What you have to do =>
Given the listing below, write out exactly the lines starting with the line that has "Ein Bett oder" and going on through the line that has "Autumnal wedding bouquet ties with ribbon", both kept.

Raw data =>
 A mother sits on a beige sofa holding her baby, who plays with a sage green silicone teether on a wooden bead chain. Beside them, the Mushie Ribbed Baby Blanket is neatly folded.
* * *
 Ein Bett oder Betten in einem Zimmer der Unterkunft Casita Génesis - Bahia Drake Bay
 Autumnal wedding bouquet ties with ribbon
...
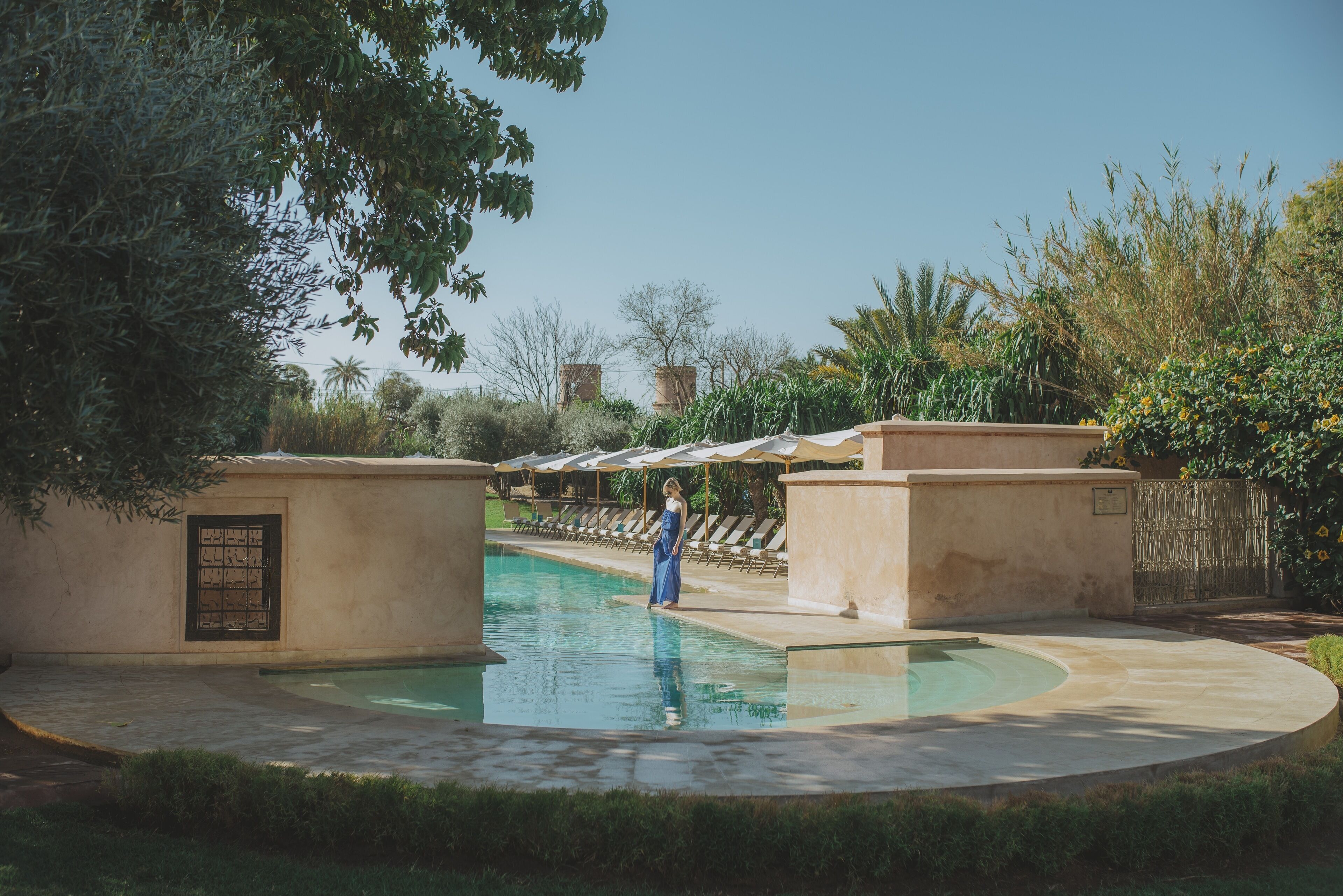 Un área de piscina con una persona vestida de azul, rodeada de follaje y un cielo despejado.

Response to the task =>
 Ein Bett oder Betten in einem Zimmer der Unterkunft Casita Génesis - Bahia Drake Bay
 Autumnal wedding bouquet ties with ribbon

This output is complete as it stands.